Als sich die Türe wieder öffnet, bin ich beruhigt und sehe, dass wir auf das Oberdeck gehievt wurden. Erst finde ich es blöd, aber als ich verstehe, dass wir in unserem Bus schlafen und uns aufhalten können, bin ich sehr zufrieden mit diesem Umstand. Unser Frühstück bereiten wir uns selbst zu. Zum Mittagessen gehen wir in den Speisesaal, es gibt einfache sizilianische Kost wie Nudeln mit Blumenkohl und eine Soße dazu. Die Passage dauert zwei Tage, wenn wir nicht im Bus hätten bleiben dürfen und kein Lesematerial dabeigehabt hätten, wäre die Überfahrt sehr langweilig geworden. Um uns ist nichts als Meer. Eine Durchsage des Kapitäns, dass wir gerade an Albanien vorbei fahren, lässt uns aus unserem Auto aussteigen und wir versuchten etwas von dem Land zu erspähen – was uns kaum gelingt. Noch einen ganzen Tag und eine Nacht auf der Fähre, lässt mich ruhig werden. Das gleichmäßige Dröhnen des Motors ist einschläfernd und da wir weit genug davon entfernt sind, nicht laut. 

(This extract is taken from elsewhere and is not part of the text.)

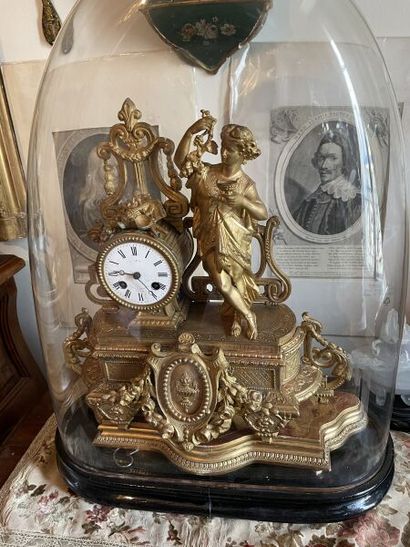 Pendule en régule doré surmontée d'une bacchante

Époque...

Ich schaue auf das Meer und merke wie es mich beruhigt, mich in seinen Bann zieht. Ich fantasiere von Meerjungfrauen und Nixen und male mir aus was sie alles erleben könnten und geleite so in einen traumlosen Mittagsschlaf. Als ich erwache, ist es schon dämmrig und bin ganz baff, dass ich den ganzen Nachmittag verschlafen habe. Eduard begrüßt mich:

„Na Schlafmütze, bist du jetzt wach?“

„Warum hast du mich nicht geweckt? Ich werde heute Nacht kein Auge zu machen“, ist meine quengelige Antwort.

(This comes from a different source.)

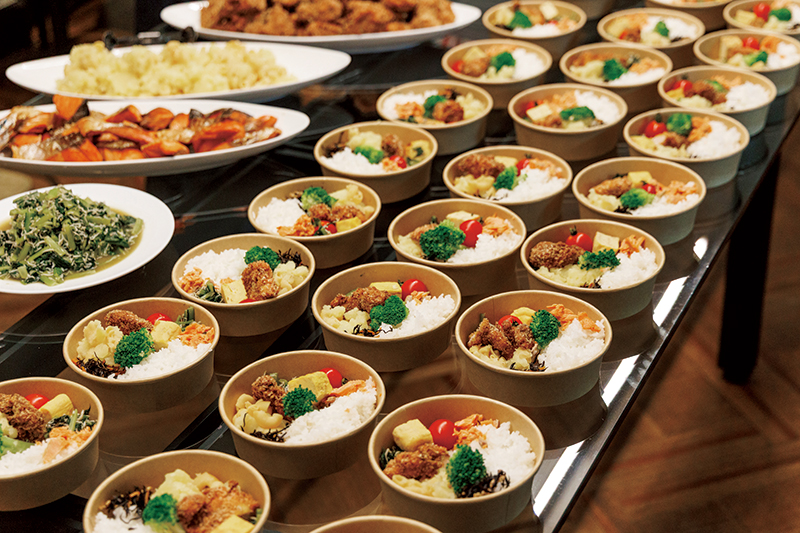 鮭、卵焼き、おひたしなど栄養たっぷりのお弁当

„Wie ich dich kenne, schläfst du sobald du im Bett liegst wieder ein, mach dir darüber keine Sorgen.“

Ich mache mich etwas frisch und vertrete mir auf Deck die Beine und schüttele mir dabei den Schlaf aus den Knochen. Der Sonnenuntergang erinnert mich an eine Kitschpostkarte, trotzdem genieße ich ihn und kann mich kaum daran satt sehen. Als es dunkel ist setzte ich mich mit einer Kerze vor dem Bus, Eduard leistet mir Gesellschaft, und wir unterhalten uns angeregt bis ich wieder müde werde. Ich richte unsere Betten her und schlafe trotz meiner Bedenken schnell wieder ein.

Am nächsten Morgen sind wir in Genua angekommen. Wir fahren von der Fähre und machen noch einen Abstecher in die Stadt, um danach den doch noch langen Heimweg anzutreten.